Surgical whole-scene semantic segmentation method based on long-strip convolution attention

Technical Field

The invention relates to the technical field of surgical scene segmentation, in particular to a surgical whole-scene semantic segmentation method based on long-strip convolution attention.

Background

The intelligent endoscopic surgical robot is a typical application of robot-assisted minimally invasive surgery, and can effectively improve the success rate of surgery, shorten the recovery period of surgery and improve the safety of patients. Automated surgical scene segmentation is a key technology for computer-assisted surgery and intelligent surgical robots. Its task is to segment the anatomical region and the medical device objects in the surgical scene and assign a class label to each pixel. The segmentation results may be used for a number of clinical tasks such as lesion tissue localization, surgical decision making, surgical navigation, and surgical skill assessment, among others.

Accurate interpretation of the entire scene in an endoscopic surgical video is a very challenging task. Compared with the traditional natural scene, the contrast of local features of the segmented target in the surgical scene is lower, and the feature similarity of the segmented target in the local region of different biological tissues or instruments is higher. Most of the work adopts an attention mechanism to combine the local semantic features of the target with the global features of the target, and captures long-range dependence to solve the related problems. DANet can adaptively combine local features with its global dependencies by using both positional and spatial attentions in parallel, but the computational complexity of positional attentions is high and feature modeling is based only on the information of the current feature map, which remains relatively limited for the segmentation surgery scenario. The Transformer based model associates richer cues with each pixel by self-attention, however, associating more views by self-attention will result in an increase in the secondary computational complexity relative to the number of pixel embeddings, and the self-attention mechanism only considers the adaptability of the spatial dimension but ignores the adaptability of the channel dimension, which is also important to the visual task.

Another non-negligible challenge is the precision requirements of the surgical scene segmentation on the regional edges. The clinician must pay attention to the cut boundaries and control errors at all times while performing the procedure, which requires that the network model be able to accurately resolve the tissue boundaries. GSCNN proposes a dual stream CNN architecture for semantic segmentation that links shape information into a single processing branch that can produce clearer predictions around object boundaries. The model may improve the performance of the baseline, but the multi-path branching operation increases the computational complexity of the network.

Disclosure of Invention

Based on the above, it is necessary to provide a surgical whole-scene semantic segmentation method based on long convolution attention, aiming at the existing problems.
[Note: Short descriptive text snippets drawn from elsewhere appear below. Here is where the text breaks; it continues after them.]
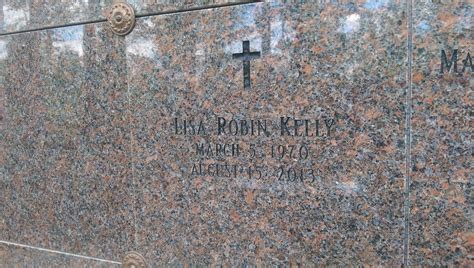Lisa Robin Kelly (1970-2013) - Find a Grave Memorial
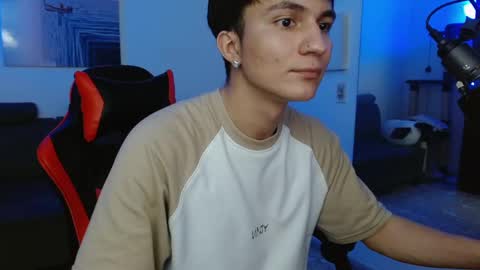 Snapshot of _blakee chatting on February 10, 8:20 am B L A K E online show from February 10, 8:20 am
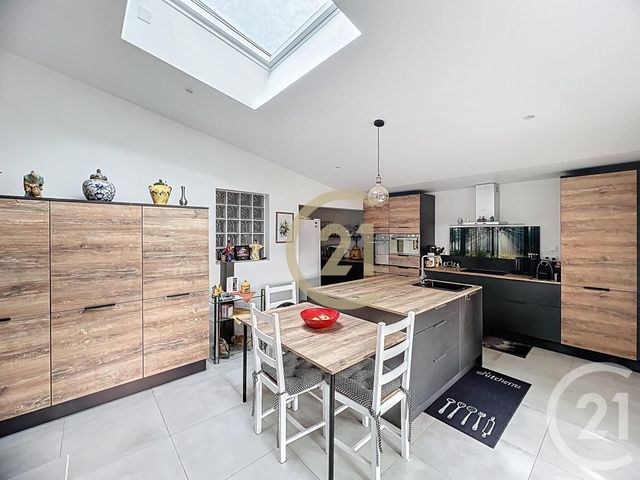 maison à vendre - 4 pièces - 168.0 m2 - MONTAREN ET ST MEDIERS - 30 - LANGUEDOC-ROUSSILLON - Century 21 Beven Immobilier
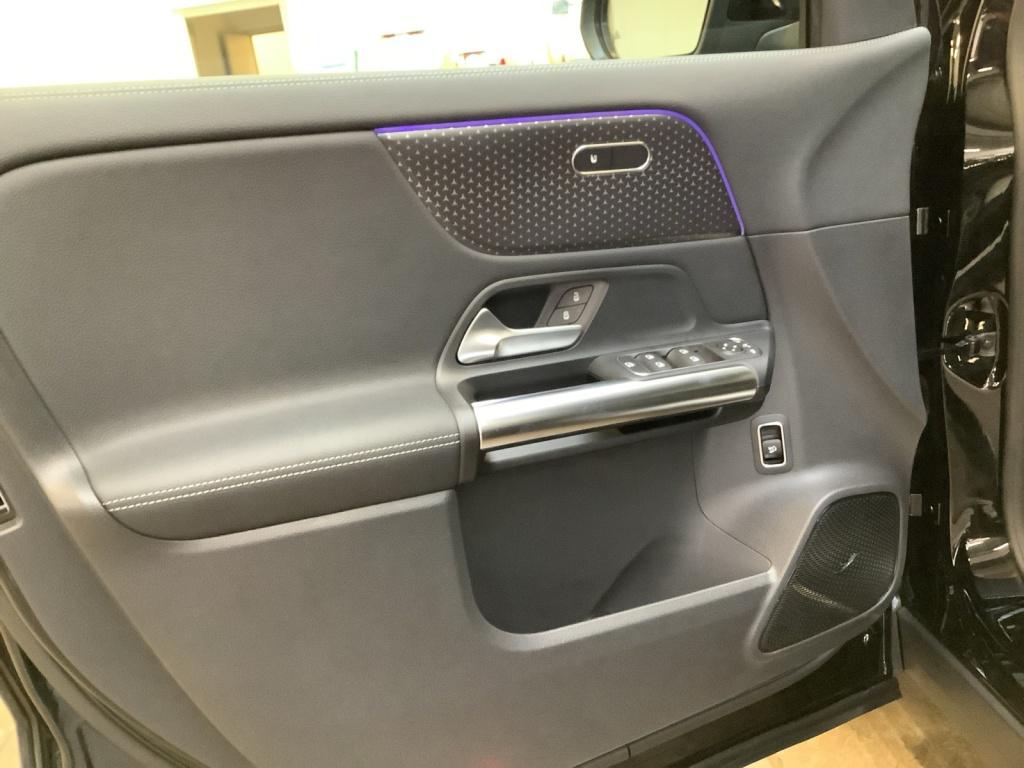 Mercedes-Benz GLA 220 d 4MATIC NIGHT+AHK+PANO+MBUX+18+8G-DCT Mercedes-Benz GLA 220 d 4MATIC NIGHT+AHK+PANO+MBUX+18+8G-DCT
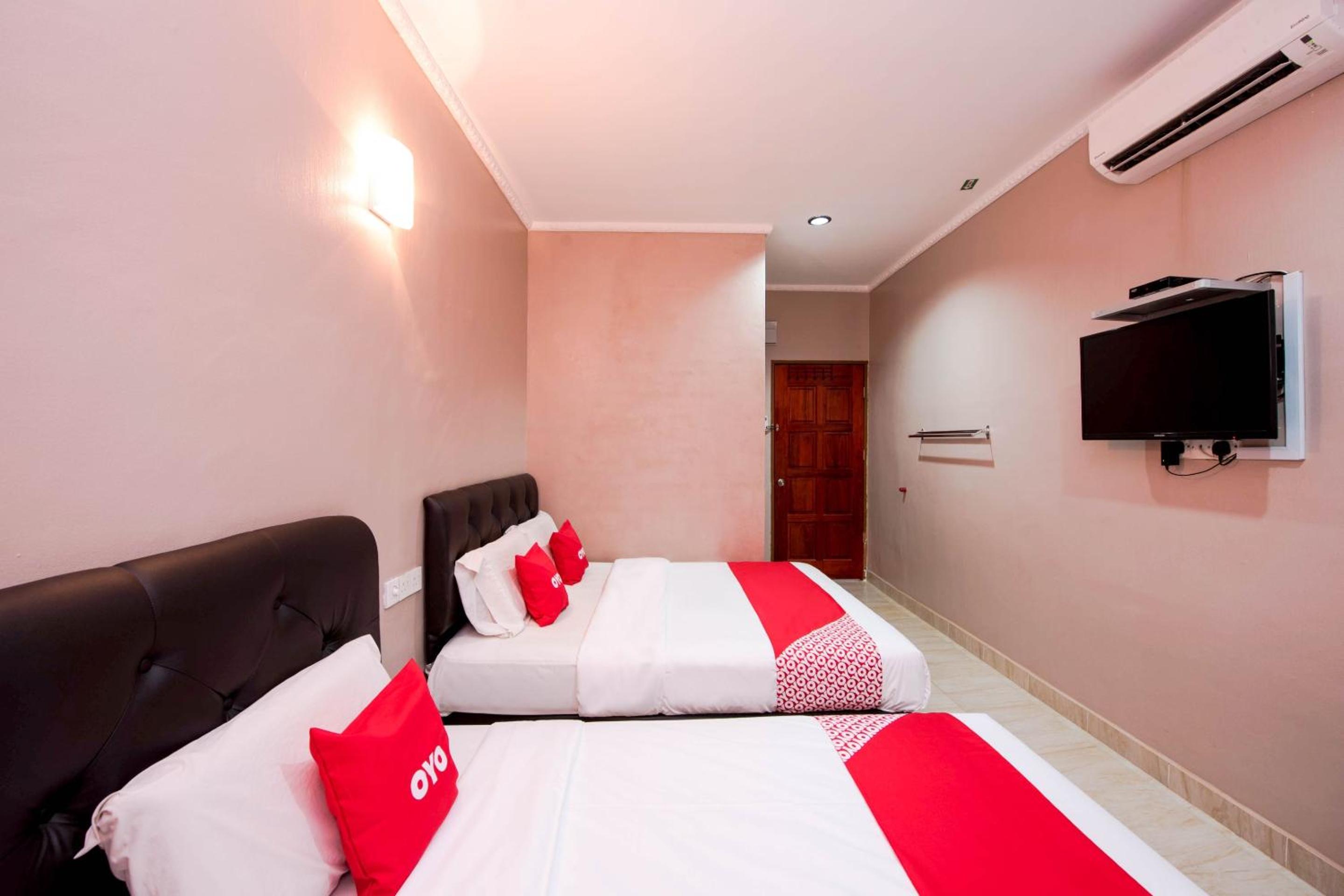 Hotel O Rg Motel 28/63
The invention provides a surgical whole-scene semantic segmentation method based on long-strip convolution attention, which comprises the following steps:

s1: acquiring image data of an endoscopic surgery video and a truth value label corresponding to the image data; constructing a full surgical field Jing Yuyi segmentation model; the surgical whole-scene semantic segmentation model comprises an encoder, a strip convolution attention module and a segmentation module;

s2: the encoder encodes the image data and outputs an encoding result; the coding result comprises coding results of different stages;

s3: the coding result passes through the strip convolution attention module to output a feature map; the feature map comprises feature maps corresponding to the coding results of all stages;

s4: the segmentation module performs up-sampling operation and splicing operation on the feature graphs corresponding to the coding results of each stage to obtain segmentation results;

s5: convolving the feature map with the largest size to obtain a boundary map; setting a boundary guiding dividing head, and obtaining a target boundary diagram by the truth value label through the boundary guiding dividing head;

s6: calculating boundary loss according to the boundary map and the target boundary map; calculating segmentation loss according to the segmentation result and the truth value label; combining the boundary loss and the segmentation loss to construct a mixed loss function; optimizing the surgical whole-field Jing Yuyi segmentation model by the hybrid loss function;

s7: and inputting the image data to be segmented into the optimized full surgical field Jing Yuyi segmentation model, and outputting a final segmentation result.

Preferably, in S2, HRNetV2 is used as the encoder; the sizes of the encoding results of the stages outputted are different.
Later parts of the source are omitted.